LC is considered the gold standard for gallstone treatment, but it is hard to obtain a true picture of outcomes because most clinical reviews combine the findings either of multiple studies of different surgeons and surgical groups at several hospitals or of multiple surgeons and groups at a single institution over time, lead author Mustafa Hasbahceci, MD, from the Department of General Surgery, Umraniye Education and Research Hospital, Umraniye, Istanbul, Turkey, and colleagues write. It is also unclear how the rate of complications, particularly bile duct injury, at teaching hospitals compares with that seen at non–teaching hospitals.

In an effort to clarify these issues, the authors reviewed all LC procedures performed between January 2000 and October 2010 at the Religious Foundation of Turkey, 29 May Hospital, in Istanbul. Outcome measures included conversion to open surgery, surgery duration, length of hospital stay, and complications that occurred during hospital admission and up to 3 months out. All patients were followed-up for at least 3 months postoperatively.

The analysis included 1557 patients: 1222 women and 335 men, with an average age of 54.1 ± 12.3 years. Seventy-six percent of the patients had a body mass index (BMI) of between 25 kg/m2 and 34.99 kg/m2. Most of the procedures (1401 [90%]) were performed electively. One hundred and ninety one (12%) of the patients had had a previous attack of acute cholecystitis (AC), and 34 (2%) had a history of acute biliary pancreatitis.

The duration of surgery ranged from 10 to 200 minutes, with a mean of 43.4 minutes. Surgery lasted less than 60 minutes in 85.8% of the cases. The mean length of hospital stay was 1.2 days (range, 1 - 19 days), with 93.1% of patients discharged within 1 day of surgery and 94.8% of patients discharged within 2 days.

Open surgery was required in 39 cases, for a conversion rate of 2.5%. Severe inflammation related to current or previous AC attacks was the most common reason for conversion, seen in 17 (43.5%) and 15 (38.5%) patients respectively. Bile duct injury (n = 3), dense adhesions resulting from previous surgery (n = 2), and equipment failure (n = 2) were other reasons for conversion.

"In total, 57 (3.7%) complications occurred in 51 patients," the authors write. The most common complications were those related to infection (seen in 11 patients), biliary leakage (n = 10), bleeding (n = 7), retained stones in the common bile duct (n = 6), postoperative paralytic ileus (n = 6), and postoperative ascites (n = 4).

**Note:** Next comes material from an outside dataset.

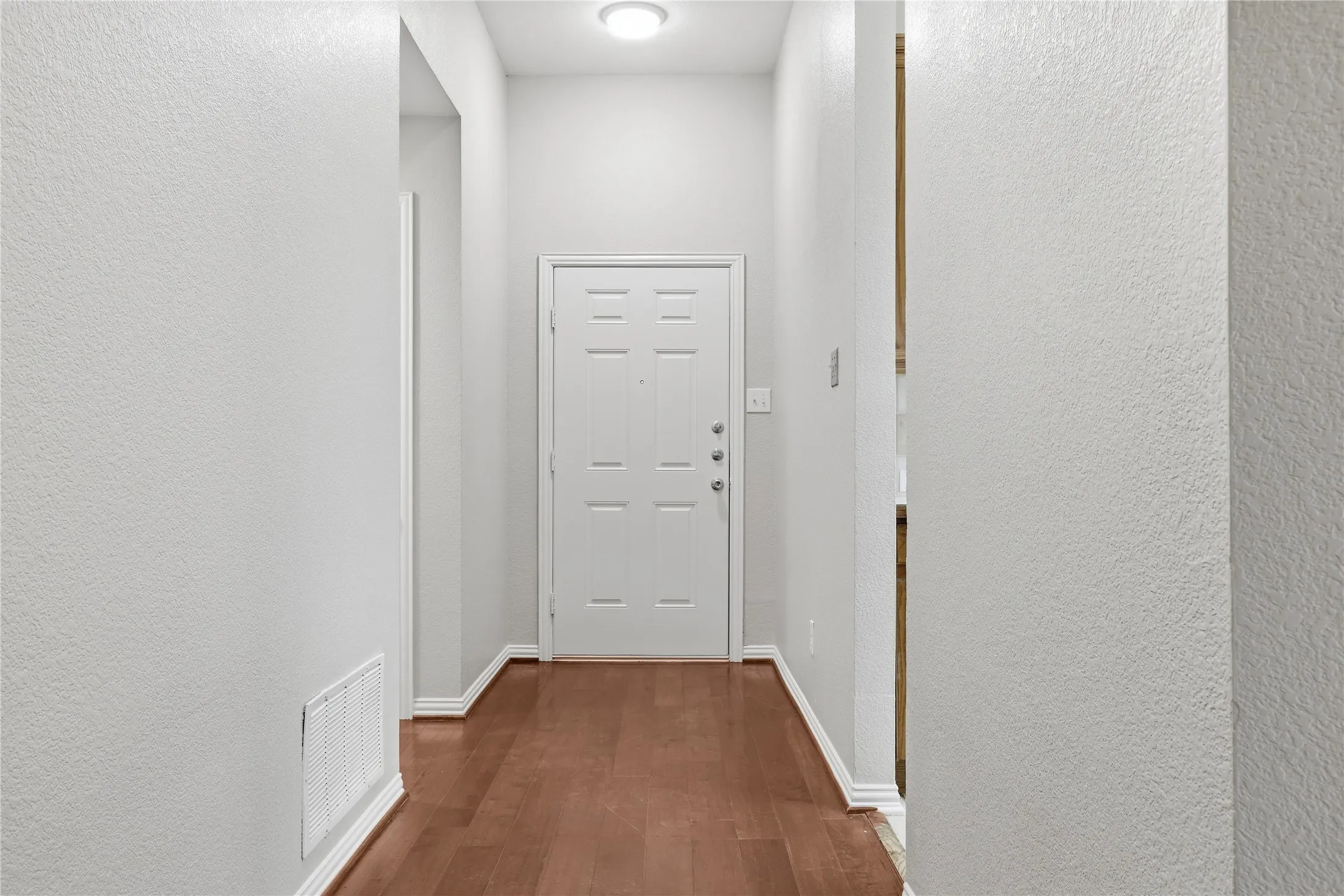 Single Family Residence For Sale in Denton County , 2713 Dawn Spring Drive, Little Elm, Texas 75068, 3 Bedroom, 2 Bathroom, 2 Garage spaces, 1,437 Sqft, built in 2004, mls#21329192, Real Estate Agent in Little Elm, Homes For Sale in Denton county, Homes For Sale in Little Elm, Realtor in Little Elm Texas, Real Estate Brokerage Independent Realty Texas, Luminita Cordes Realtor
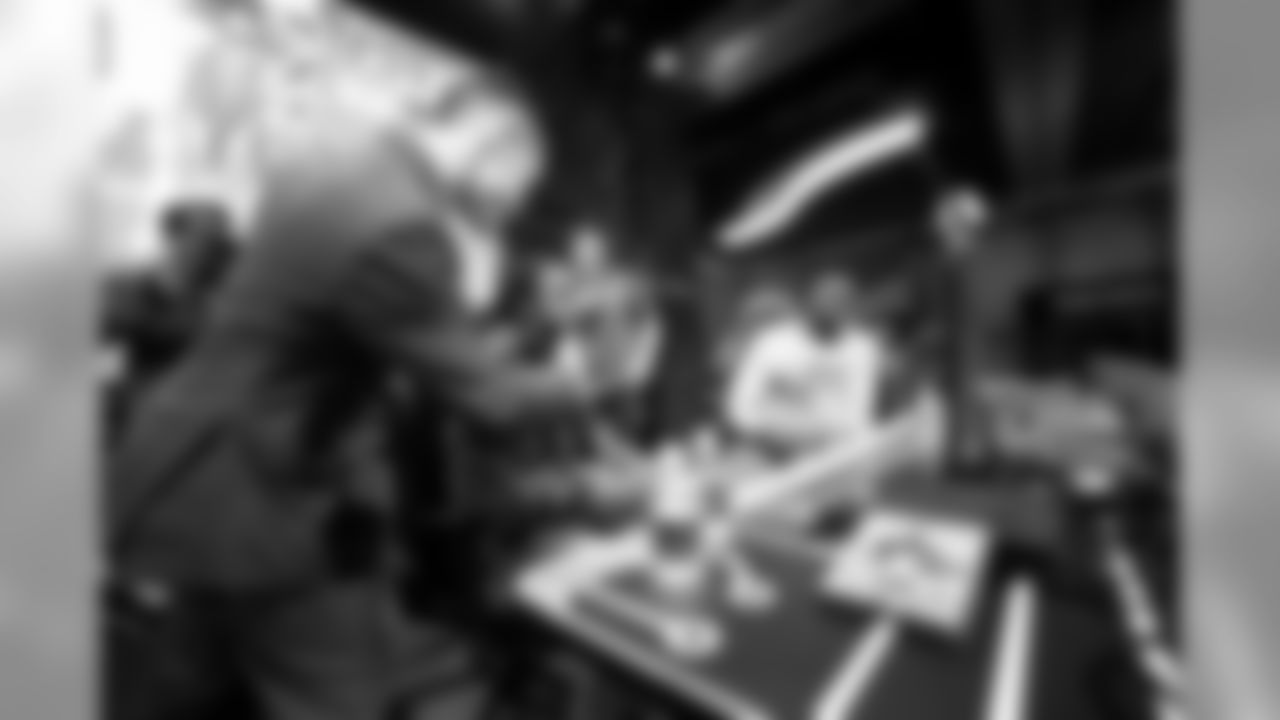 2019-02-15 Vikings pics - Player Up eSports Tournament-Mystic Lake Casino-Darin Kamnetz-172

Factors associated with a higher probability of conversion to open surgery were male sex (odds ratio [OR], 4.473; P < .001), age older than 55 years (OR, 2.478; P < .01), emergency admission resulting from AC (OR = 558.263; P < .001), and a history of previous AC attacks (OR, 4.766; P < .001), the authors report. Risk factors associated with morbidity included male sex (OR, 1.813; P < .046), an American Society of Anesthesiologists score of 3 (OR, 3.706; P < .005), emergency admission because of AC (OR, 7.034; P < .001), and a history of previous AC attacks (OR, 3.378; P < .001).

Other authors have reported complication rates ranging from 1.5% to as high as 17%, depending on factors such as the presence of complicated gallstone disease, male sex, advanced patient age, need for conversion to open surgery, duration of surgery more than 2 hours, and whether the procedure was performed at a teaching hospital, the authors add. "Our 3.7% complication rate may be considered a favorable result compared with the...complication rate found in the past literature."

Possible limitations of this study include the retrospective design and incomplete data on 119 of the 1676 patients who actually underwent LC at this institution during the time in question, leading to the exclusion of those patients from the analysis.

"Our results may serve as a baseline for comparison with future studies done at single, non-teaching hospitals where surgical teams perform laparoscopic cholecystectomies over a long period of time," the investigators conclude.

The authors have disclosed no relevant financial relationships.

J Laparoendosc Adv Surg Tech. 2012;22:527-532.